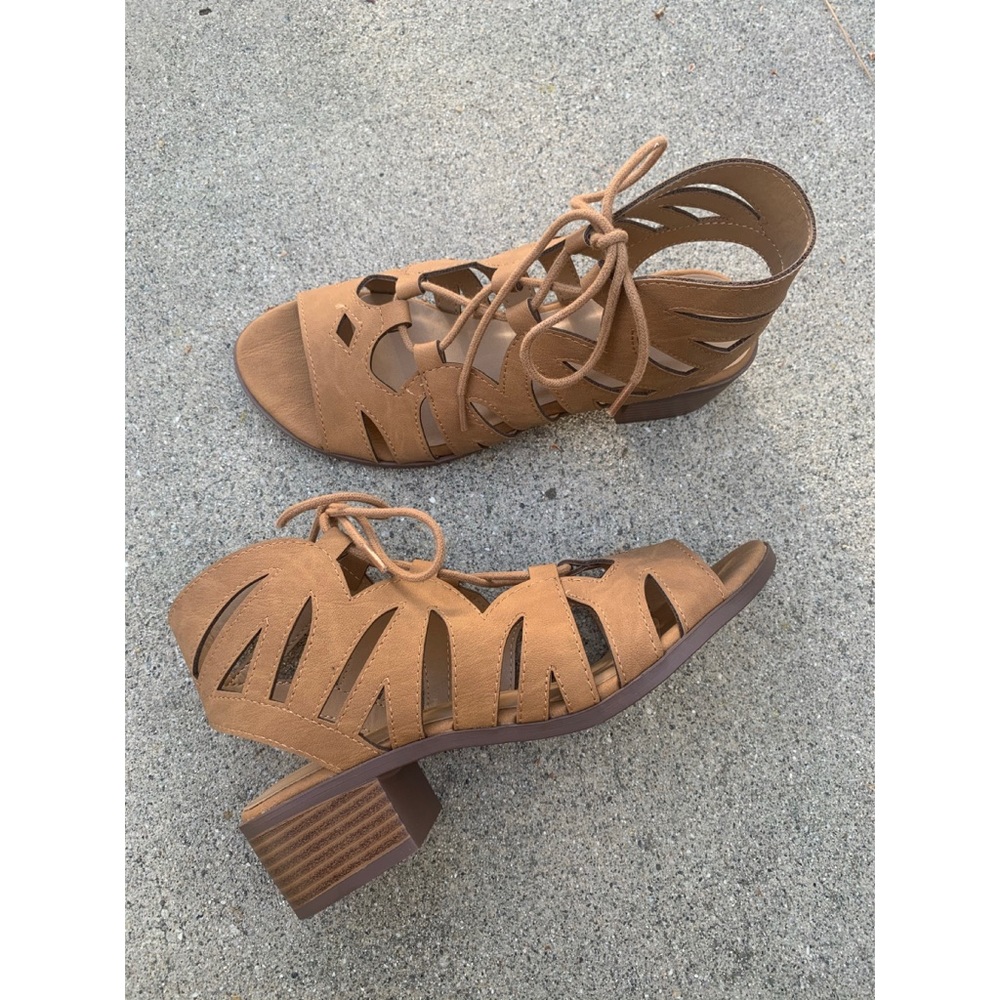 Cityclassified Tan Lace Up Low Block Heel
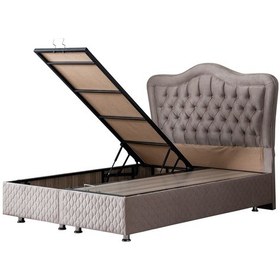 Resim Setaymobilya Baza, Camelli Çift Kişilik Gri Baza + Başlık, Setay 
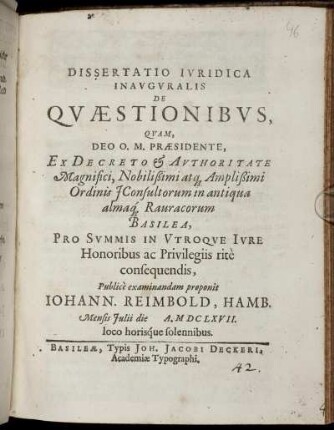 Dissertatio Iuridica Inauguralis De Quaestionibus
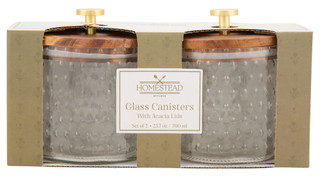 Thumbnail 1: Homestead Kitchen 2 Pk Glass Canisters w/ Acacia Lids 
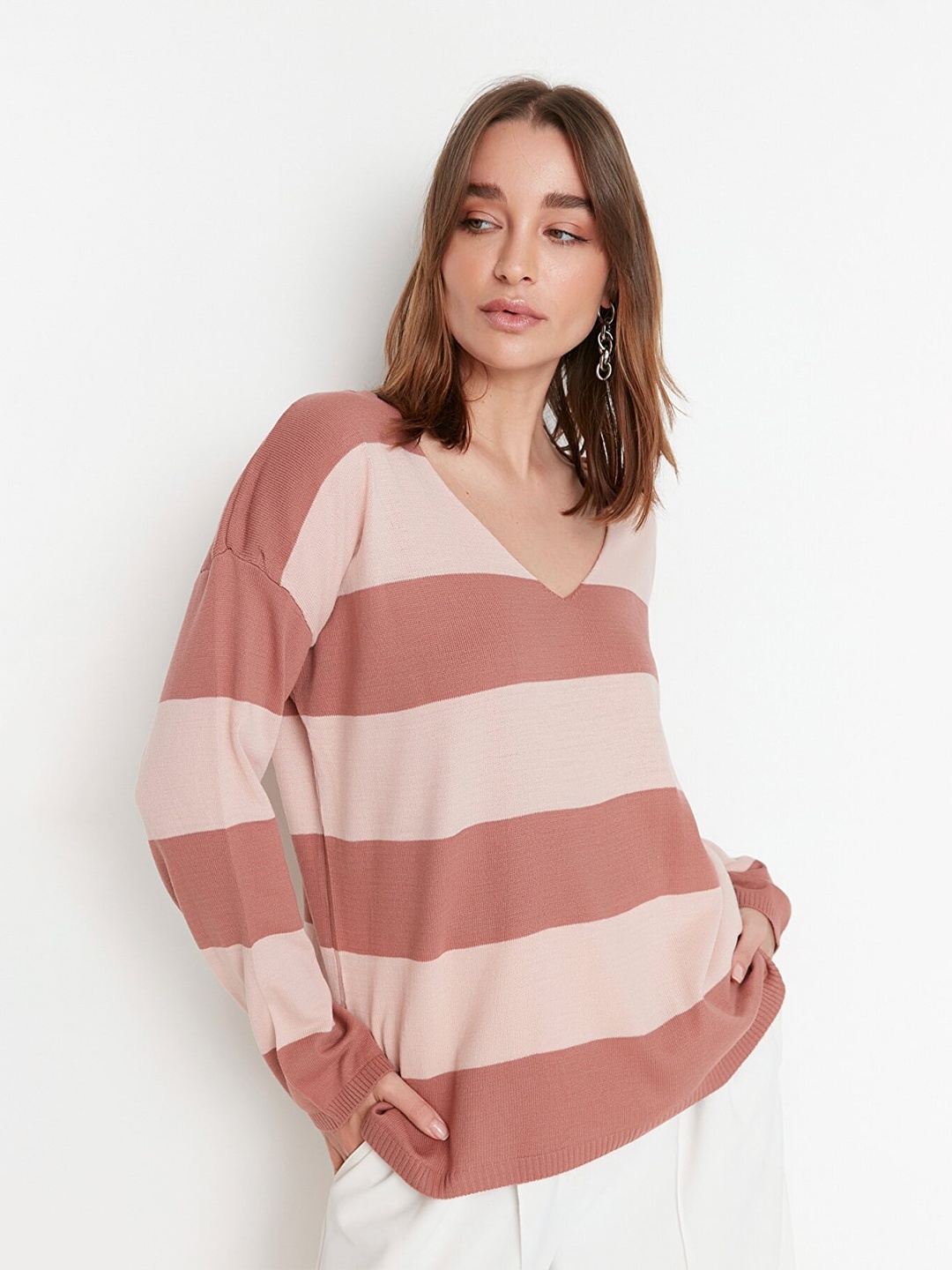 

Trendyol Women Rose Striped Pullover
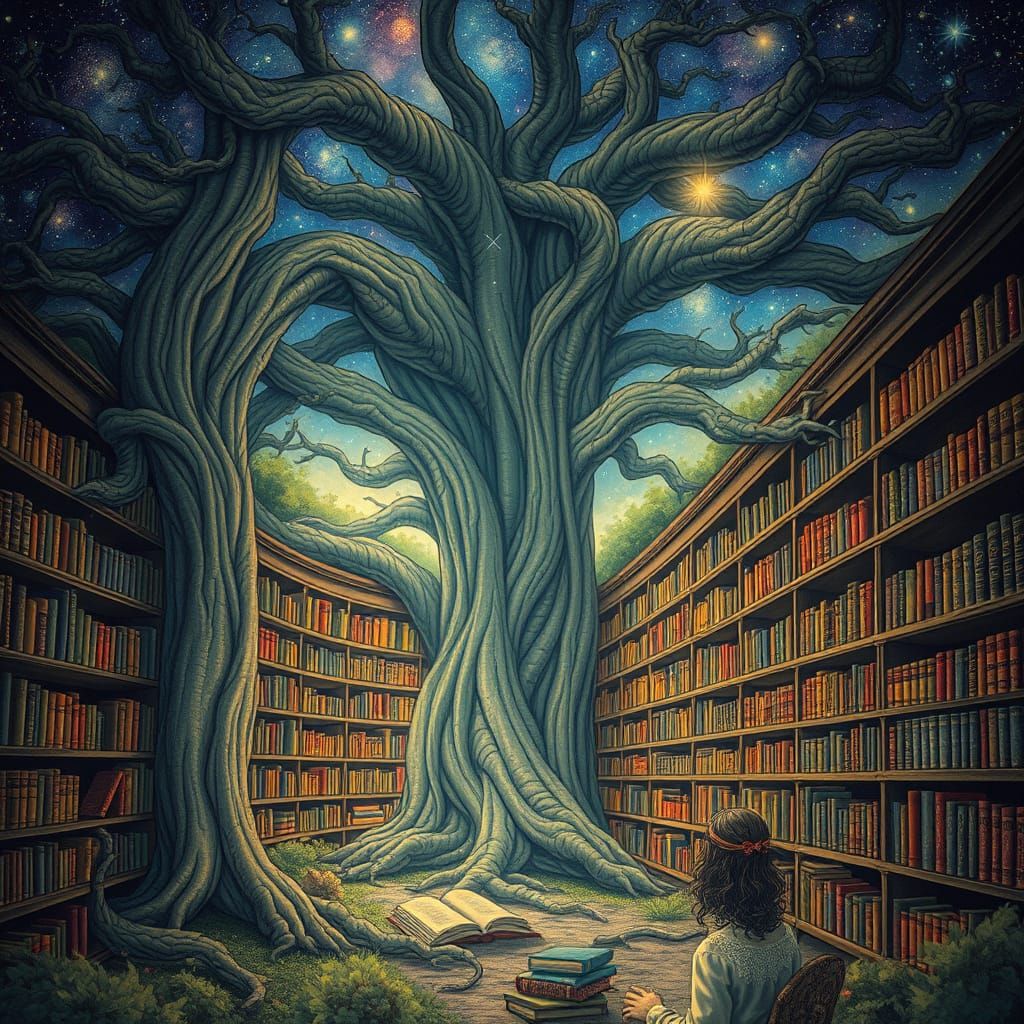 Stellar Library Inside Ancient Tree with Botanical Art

□ □ □ □

Do not copy pictures. Restate exactly the lines from the one containing "Resim Setaymobilya Baza, Camelli" through the last line of the records.

 Resim Setaymobilya Baza, Camelli Çift Kişilik Gri Baza + Başlık, Setay 
 Dissertatio Iuridica Inauguralis De Quaestionibus
 Thumbnail 1: Homestead Kitchen 2 Pk Glass Canisters w/ Acacia Lids 

Trendyol Women Rose Striped Pullover
 Stellar Library Inside Ancient Tree with Botanical Art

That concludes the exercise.